(Collected data)

● ● ● ●

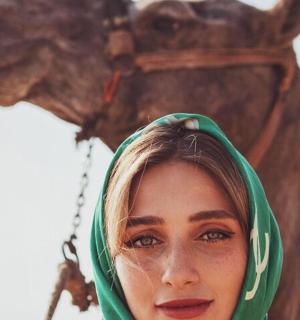 a woman wearing a green hijab standing in front of a camel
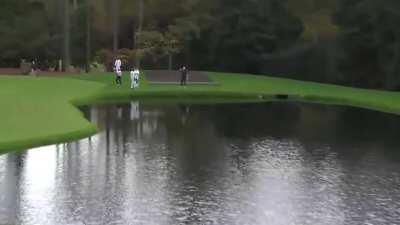 Jon Rahm skips a golf ball over water 3 times into a hole-in-one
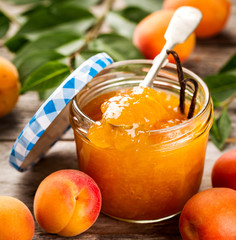 Wall Mural - Tasty fruit orange apricot jam in glass jar with fruits and vanilla sticks on wooden table. Closeup.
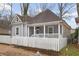 Cozy home featuring a white picket fence and a covered front porch at 789 Cooper Sw St, Atlanta, GA 30315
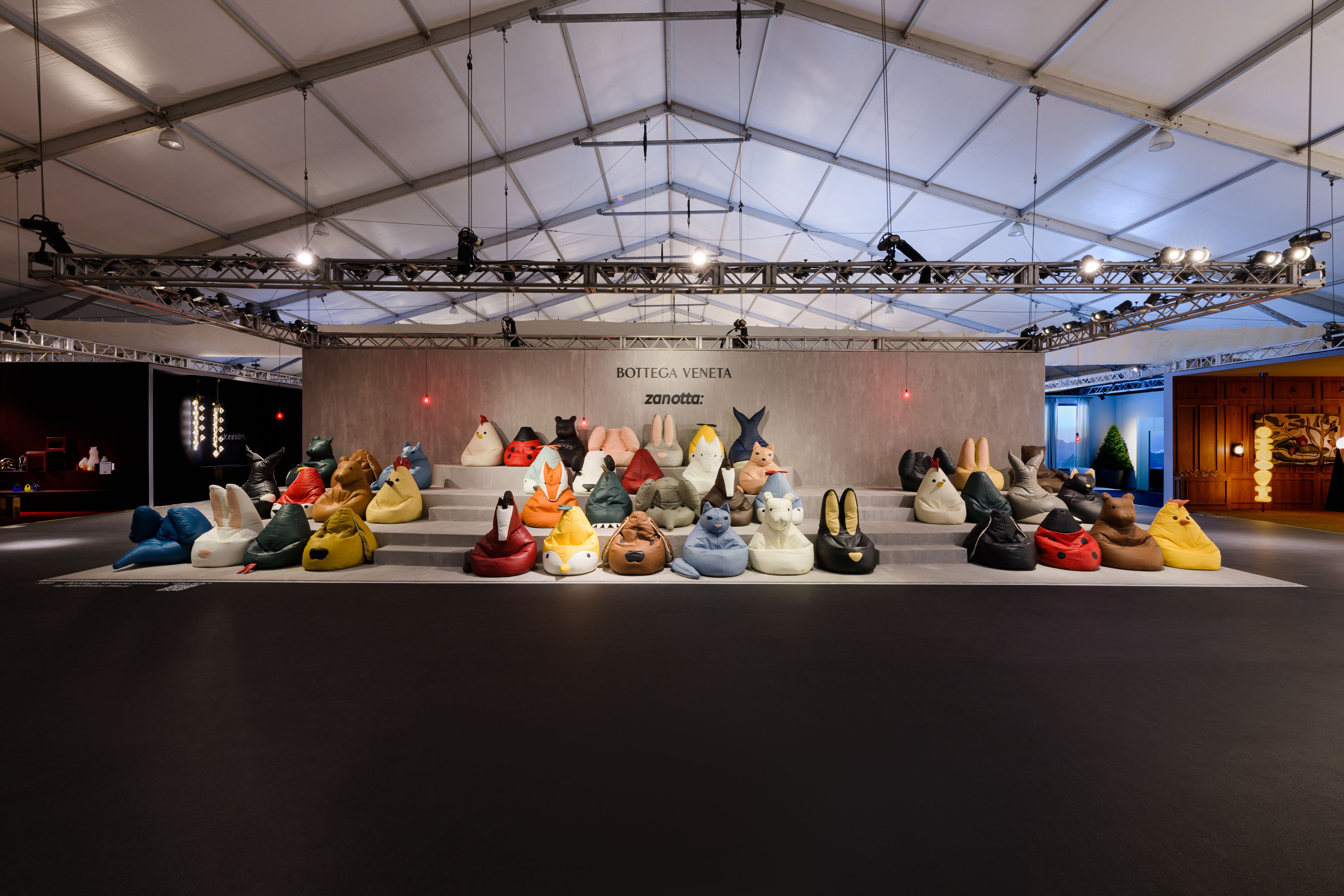 Colorful animal-shaped bean bag chairs by Bottega Veneta and Zanotta displayed on tiered platforms in an exhibition tent
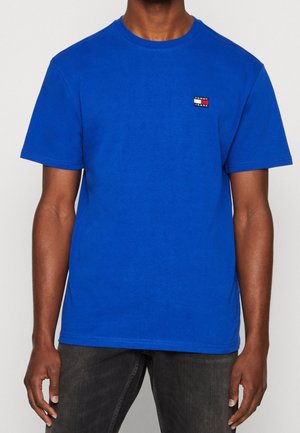 Sininen puuvillainen T-paita, jossa on pyöreä kaula-aukko, lyhyet hihat ja pieni brändilogo-painatus punaisella, valkoisella ja mustalla rinnassa.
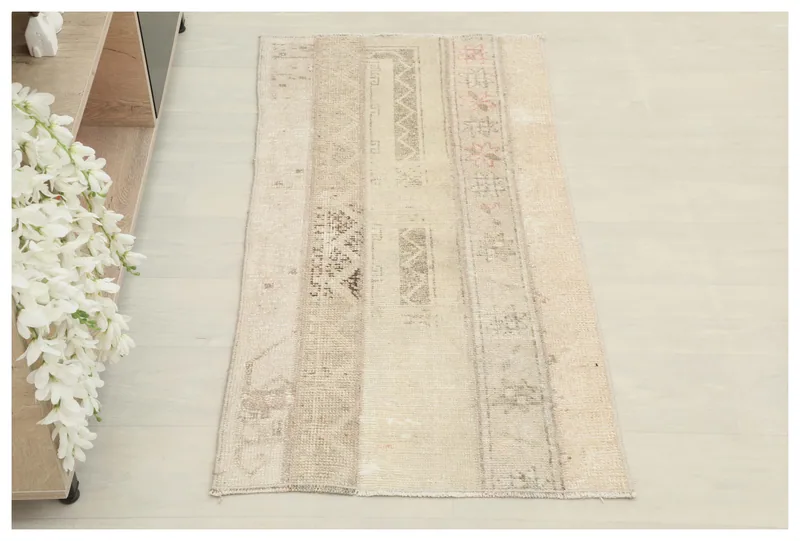 Full top view of a beige patchwork tribal area rug on a white background.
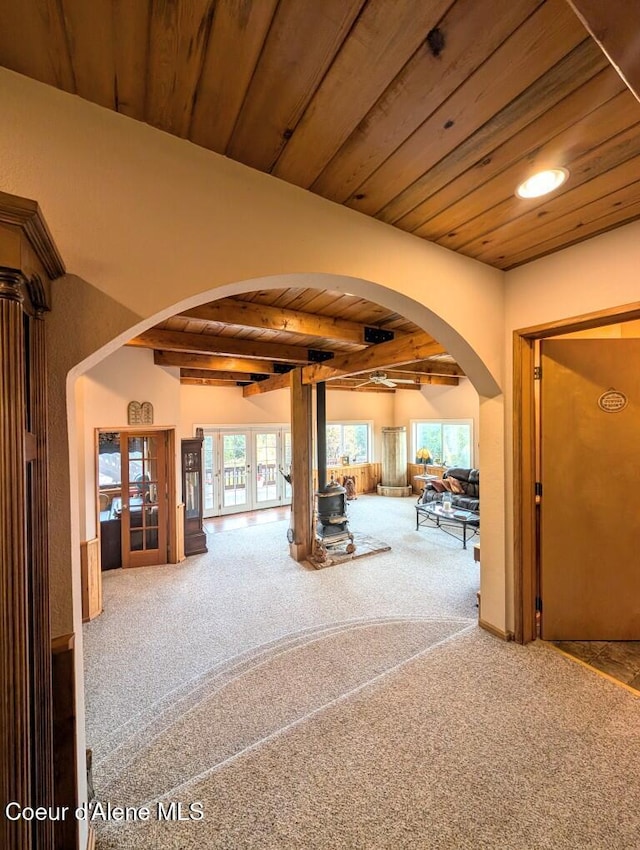 interior space featuring french doors, carpet flooring, arched walkways, and wooden ceiling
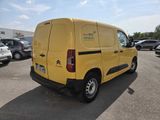 a yellow van that is parked in a parking lot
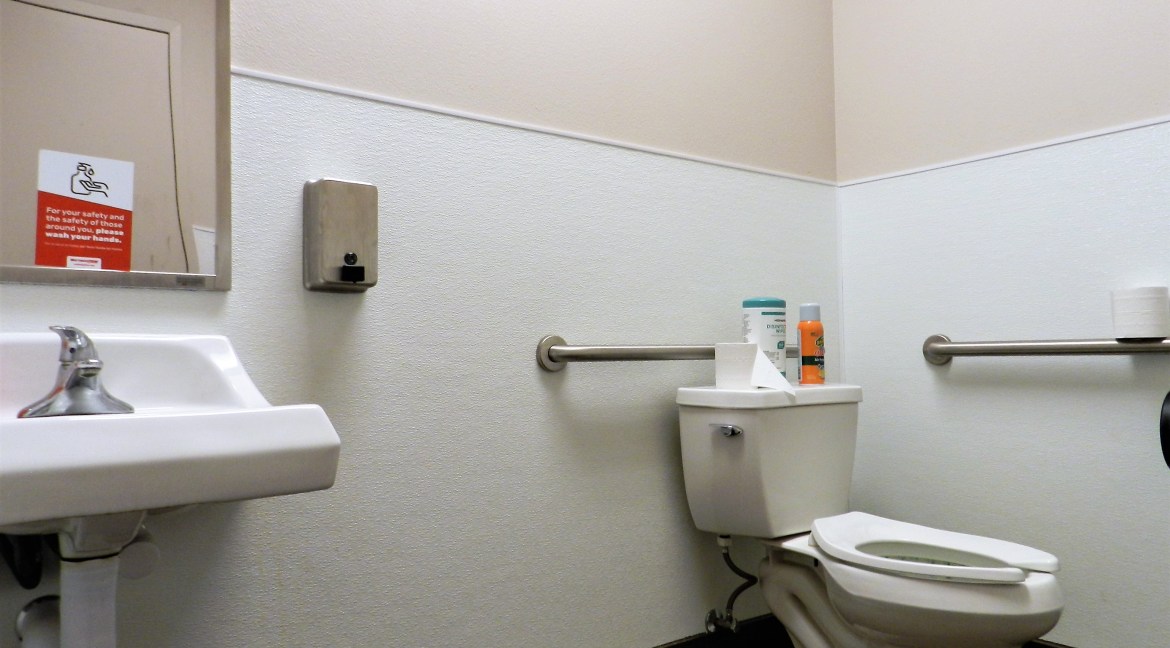 Restroom interior featuring a white sink, toilet, hand sanitizer dispenser, and toilet paper, emphasizing cleanliness and accessibility.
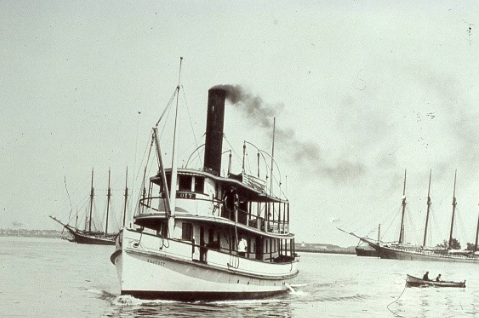 An old black and white photograph of a steamship with smoke coming out of its smokestack, sailing in the water with other ships in the background.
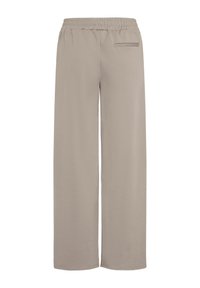 Široke hlače iz lahkega bež materiala z elastičnim pasom in enim zadnjim žepom. Gladka tekstura; preprost dizajn.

● ● ● ●

— Assignment —
Your output is the lines from the top of the entries through the line containing "Cozy home featuring", exactly as they stand. No pictures belong in it.

— Result of the exercise —
 a woman wearing a green hijab standing in front of a camel
 Jon Rahm skips a golf ball over water 3 times into a hole-in-one
 Wall Mural - Tasty fruit orange apricot jam in glass jar with fruits and vanilla sticks on wooden table. Closeup.
 Cozy home featuring a white picket fence and a covered front porch at 789 Cooper Sw St, Atlanta, GA 30315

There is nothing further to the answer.